Waymart was staring at Leslie with amazed eyes and a lower jaw that slightly sagged. He held his pipe in front of his mouth surprised in the act of adjusting it between his lips. Sandy, rising, came blithely forward, and, in passing Waymart, stumbled and jostled against him. Waymart instantly recovered his lost poise. Lowering his pipe he slouched along behind Sandy and shook hands with Wilson’s partner. Wilson himself was over beside Weimer’s bunk telling at the top of his voice that he had come to a rock wall in his tunnel, and on the other side there must, without fail, be either a pocket of free gold or a lead that would make the claims among the most valuable in the Shoshones. To this optimistic talk Leslie did not listen with the same absorbing interest he had shown at Sagehen Roost, Ross noticed.

In fact, a week of loneliness, coarse food and hard work had wilted Leslie Jones both physically and mentally. Abject weariness seemed to have robbed him of a part of his absorbing self-esteem. Furthermore, he appeared to Ross to be troubled as well as homesick. He looked at Sandy and Waymart unrecognizingly and sat down on a bench beneath the candle by the stove.

"We shall stay," Ross heard Wishing tell the McKenzies, "till the pass over Crosby threatens. Then we’ll hike it below to the coal claims."

"Didn’t know you had any," interrupted Sandy. "Where are they?"

"Up Wood River, only about a mile or such a matter from Camp. Fine outcroppin’ of coal. Best in the country. When the Burlington gits here they’ve got t’ have coal and I says to myself, ’There’s where you come up on top, Wishin’, you’ll have th’ coal t’ sell ’em,’ me and my pard now," he added with a glance at Jones.

The boy looked at him vaguely, as though he had not heard, and nodded. He sat with one knee thrown over the other, his back pressed against the side logs, his eyes so heavy that the lids kept drooping despite his efforts to keep awake. His hands were blistered, and his new corduroy suit dirty and torn. The air of newness which had characterized him when Ross first met him was gone. His hair had lengthened, and his cheeks revealed hollows. He said but little, being engaged in the absorbing effort to keep awake. Besides, Sandy and Wilson gave no one else a chance to talk. Waymart smoked stolidly staring at the candle above Leslie.

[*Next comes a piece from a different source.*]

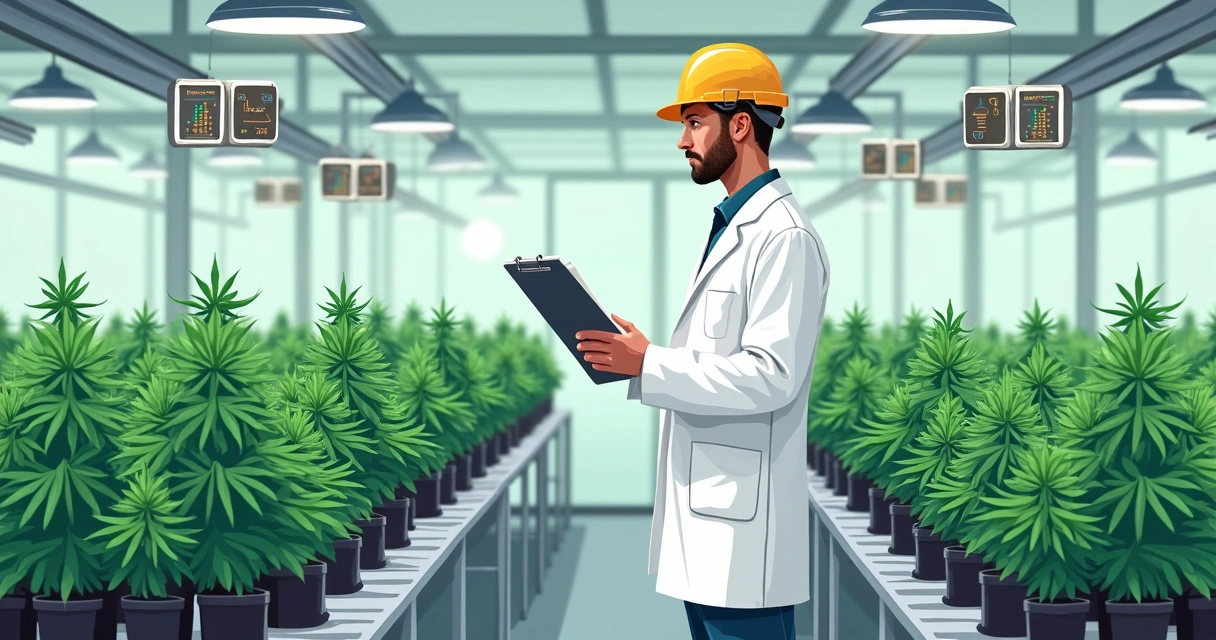 Funcionário em estufa de cannabis vestindo jaleco e EPI checa plantas em bancadas alinhadas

Ross, sitting with his elbows on the table, ceased to struggle against weariness, and, with his head on his arms, fell asleep. He awakened just in time to see his callers depart, whereupon he threw himself, dressed, in his bunk and slept until late the next morning.

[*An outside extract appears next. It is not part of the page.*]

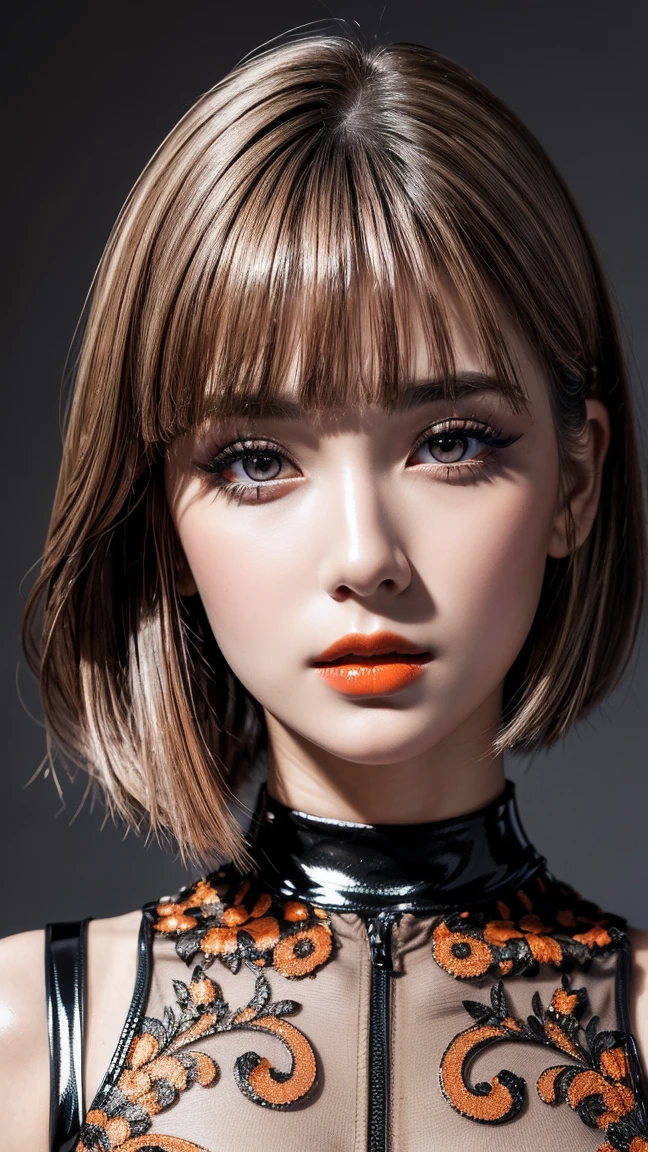 photorealism 16K realism, ((Hyper-realistic proportional body, anatomically correct:1.3)), ((ultra-fine digital art)), (intricately detailed beautiful face), (light pale complexion), BREAK, ((small round head)), (high detailed Super beautiful slim and sharp-face), (best highest detailed realistic black_eyes:1.28), ((super realistic sharp-eyes:1.2)), (tired and sleepy and satisfied:0.0), close up of a woman's eyes, perfect round eyes, finely detailed pupils,BREAK,detailed lips:1.3,pink_makeup:1.22, (long_blue_eyeliner:1.15), (red_lipstick:1.35),((perfect dark_eyeshadows:1.4)), (super detailed professional makeup on eyes:1.3), (Detailed nose:1.2), (best high quality real texture skin:1.3), [blond: hair:1.3], (short hair blond, ((bangs combed to the two side)) Intricately detailed:1.37), beautiful cheekbones, dramatic lighting, ((perfect composition)), pale skin, ((dry skin)), only 1 female, petticoats, (high neckline), (lace ultra details), (Intricately detailed workmanship), ((unconventional skirt, transparent PVC in the shade of ORANGE:1.2)), ((Shiny ORANGE [Transparent:1.3] Holographic Full Bodysuit: 1.3)), cinematic light, detailed background of a large park with trees, dynamic pose, ((no decorations in the hair)), (dark shot:1.1), (firm normal full breasts), (((full body shot:1.3)))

During the next few weeks, all days seemed alike to Ross except Sunday. Early each Sunday morning he struck the trail for Miners’ Camp, the post-office, and Steele’s shack. At first he crept shudderingly over that quarter mile around the shoulder of Crosby. But soon his head lost every sense of giddiness, and his legs regained their accustomed strength, and his heart ceased to beat agitatedly at sight of the thousand-feet fall.

On the third Sunday he came into Steele’s shack with a brighter face than he had worn before.